BRIEF
All of the data goes into your copy exactly as written. Images do not.

THE DATA
☆ ☆ ☆ ☆
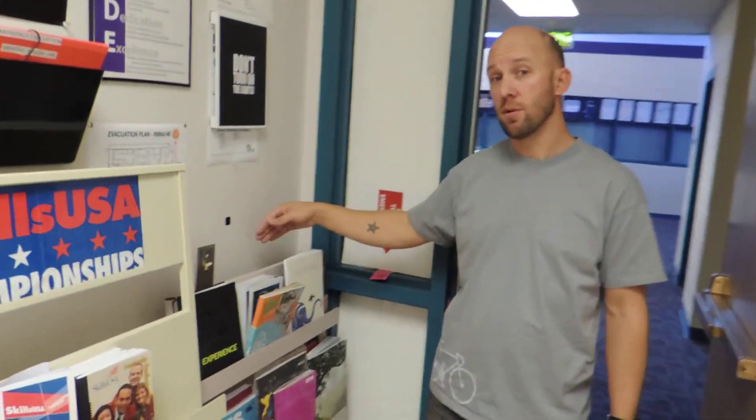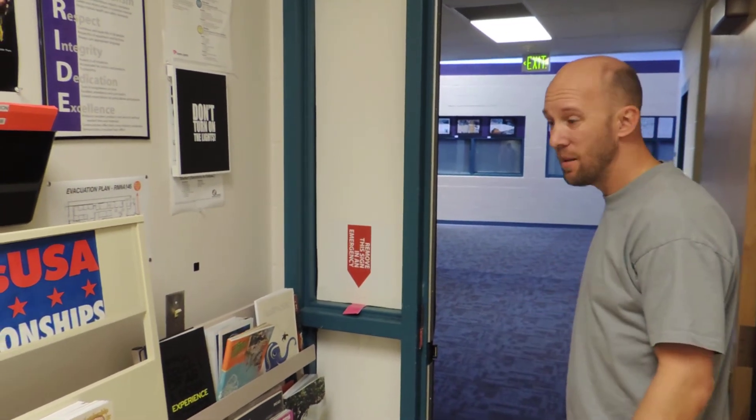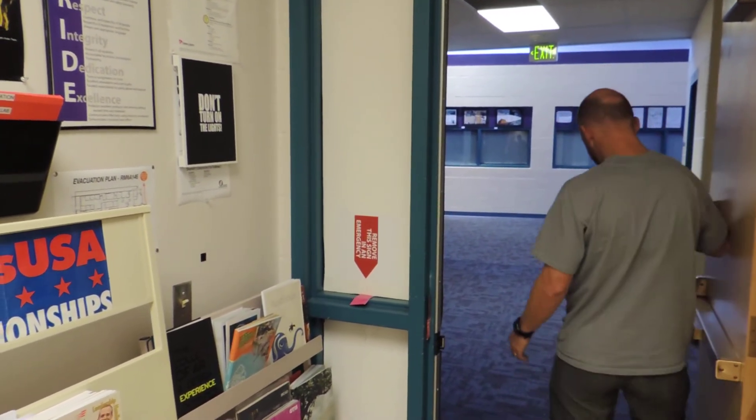You want to make sure that the light switch is turned off. You can leave the door open if you want — in this room it works out well because of how it's blocked off. A lot of times I will shut this door though.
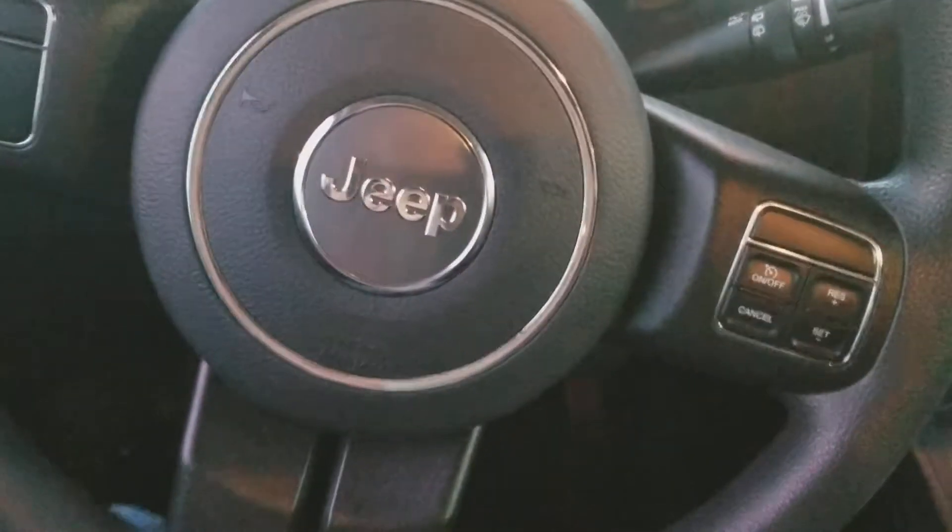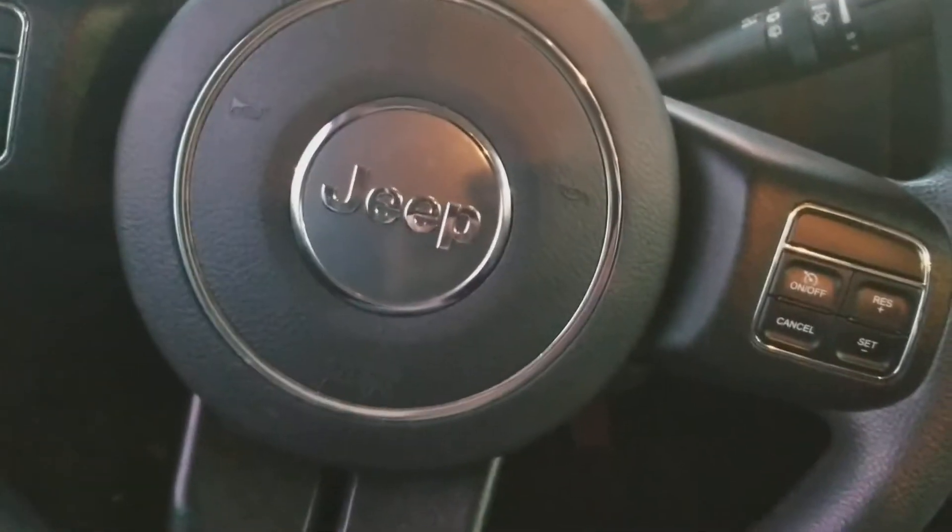Oh, and there's the Jeep logo on the passenger side. I guess that's it for this video. Thank you for watching, and don't forget to subscribe.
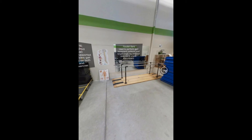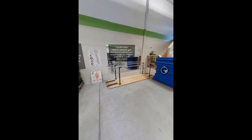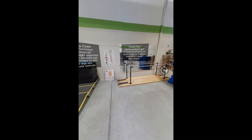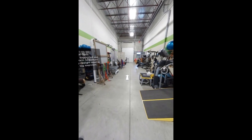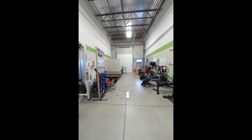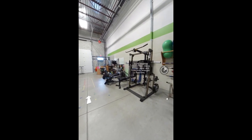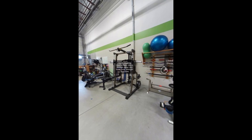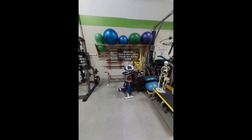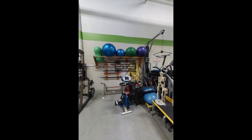The parallel bars are used to perform gait movement patterns and target single leg balance exercise in a safe environment. The Smith Machine is used to take clients through upper and lower body strength exercises. The Motor Med is used to assist clients through arm and leg cycling.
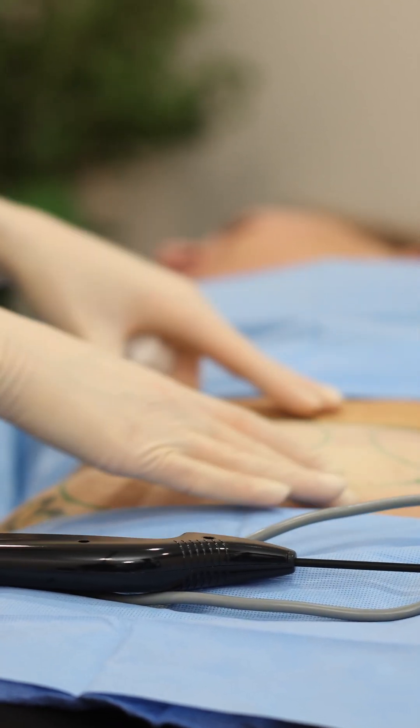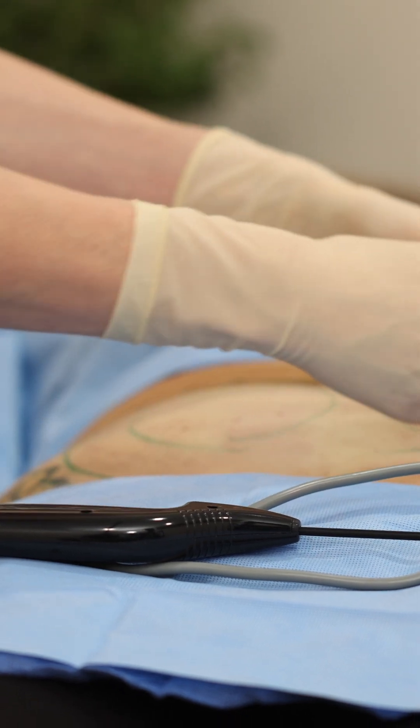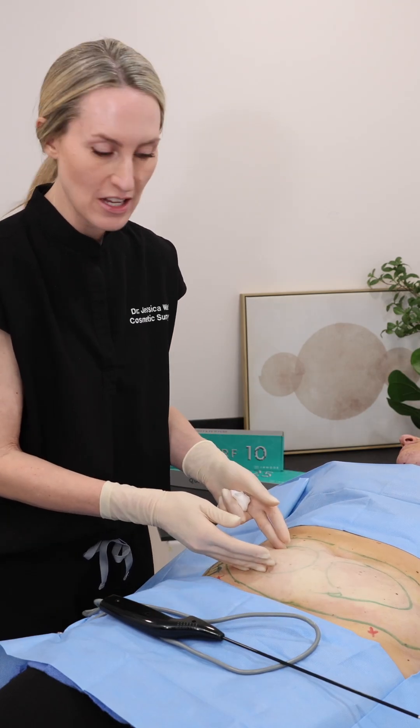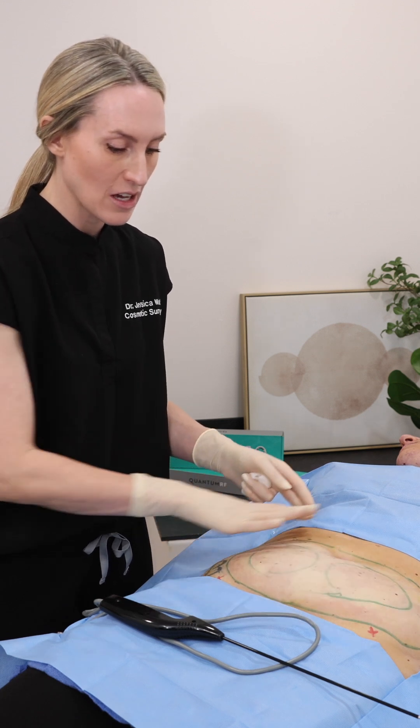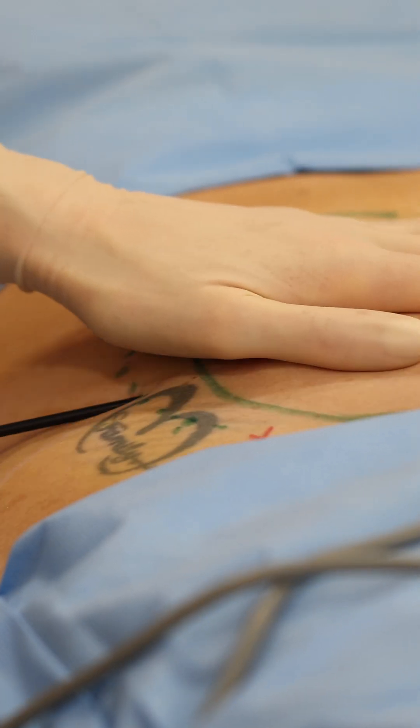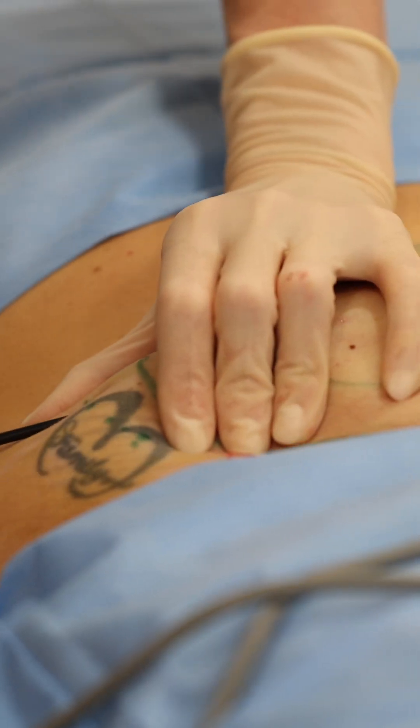When we're treating, we've calculated the number of pulses to appropriately treat this area. Sixty percent of the treatment and energy applied will be in the apex here, while we're blending the additional forty percent to the periphery. A little pressure here — let me know if anything is uncomfortable.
☆ ☆ ☆ ☆
ANSWER SECTION
You want to make sure that the light switch is turned off. You can leave the door open if you want — in this room it works out well because of how it's blocked off. A lot of times I will shut this door though.
Oh, and there's the Jeep logo on the passenger side. I guess that's it for this video. Thank you for watching, and don't forget to subscribe.
The parallel bars are used to perform gait movement patterns and target single leg balance exercise in a safe environment. The Smith Machine is used to take clients through upper and lower body strength exercises. The Motor Med is used to assist clients through arm and leg cycling.
When we're treating, we've calculated the number of pulses to appropriately treat this area. Sixty percent of the treatment and energy applied will be in the apex here, while we're blending the additional forty percent to the periphery. A little pressure here — let me know if anything is uncomfortable.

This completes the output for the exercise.